The Substantiality of Philosophical Analysis

The story so far: Concepts of philosophical categories such as knowledge or justice, are, or gain their cognitive significance from, explanatory theories of the relevant domain (involving epistemic explanation in the case of knowledge and moral explanation in the case of justice). Thanks to the way that concepts semantically hook on to their corresponding categories, such theories provide reliable starting points for inquiry into the categories’ essential natures. In this post I return to the question whether the fruits of such inquiry are worth the long and often tedious effort of analysis.

Why worry? I gave one reason in my first post this week, that our starter concepts are mere “first drafts” of a useful taxonomy for the domain in question. A first draft is not likely to be anywhere near as good as the final draft.

Another reason is formulated by Machery in Philosophy Within Its Proper Bounds. Experimental philosophers have shown that there is great variation in the judgments made by ordinary people concerning important thought experiments such as TrueTemp, Gödel/Schmidt and even Gettier cases. One explanation for the variation is that different minds harbor different concepts, united only by their attachment to a shared natural language word. It would follow that your analysis of, say, knowledge would divulge the essential nature of your knowledge category, but not of the categories of thousands of other upstanding citizens. Such an analysis can be of only parochial interest.

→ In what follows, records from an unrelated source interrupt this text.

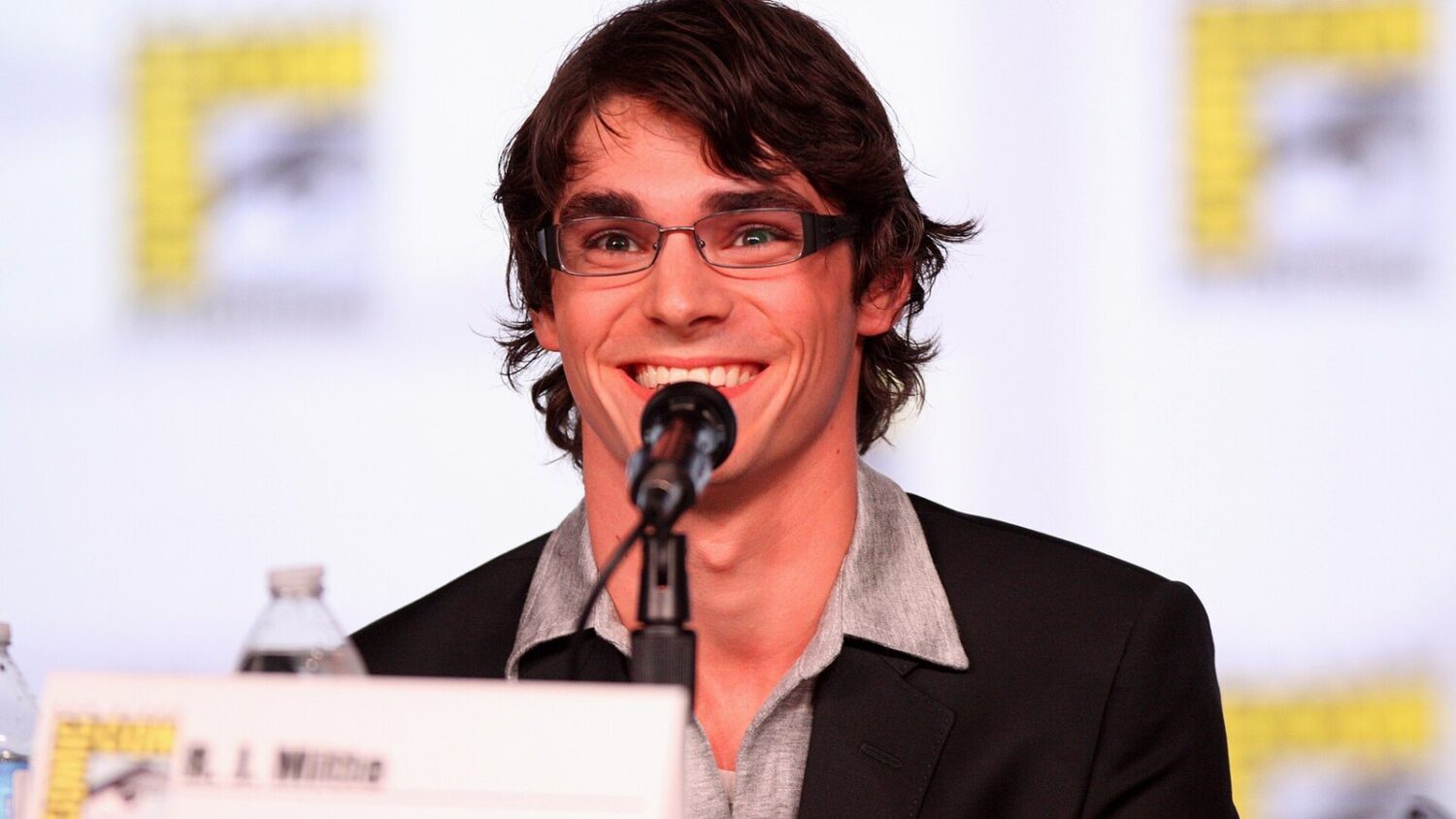 Aktor RJ Mitte, uśmiechnięty, przy mikrofonie podczas panelu na Comic-Con w San Diego w 2012 roku.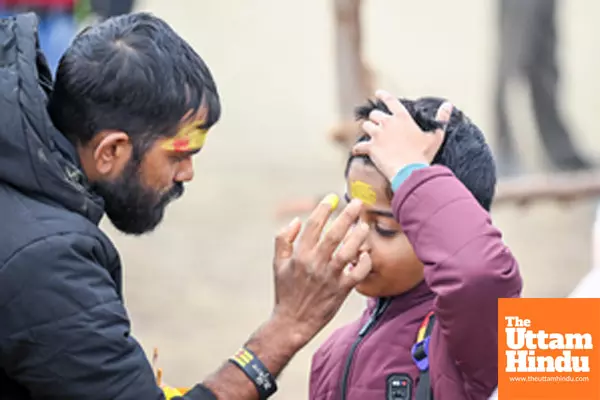 Prayagraj: A man applies Tilak to a child at the Triveni Sangam,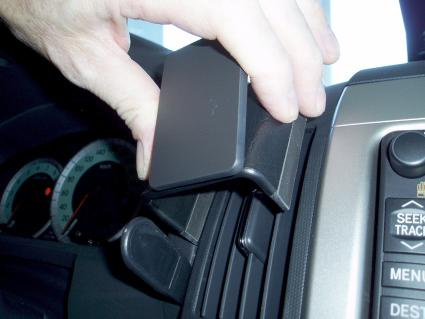 Hand som justerar en del av instrumentpanelen i en Toyota Corolla Verso.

A third reason: decades, in some cases centuries, of analysis have shown that the essential natures of such things as knowledge and singular causation are rather baroque. The chances of such a finicky construction mapping significant boundaries in the underlying explanatory landscape is surely slight.

In response, let me begin by pointing out that many of the same disconcerting arguments might be made about certain natural kind terms, such as “fruit.” Both the human race’s, and individual humans’, starter concepts of fruit are presumably biologically rather uninformed. Ordinary people may differ in their judgments about “edge” cases such as avocados, olives, and rhubarb. And attempts to capture such judgments in a set of necessary and sufficient conditions are unlikely to look pretty. Despite all of this, botanists will tell you exactly, what makes something a fruit, namely, its being a plant’s seed-bearing structure.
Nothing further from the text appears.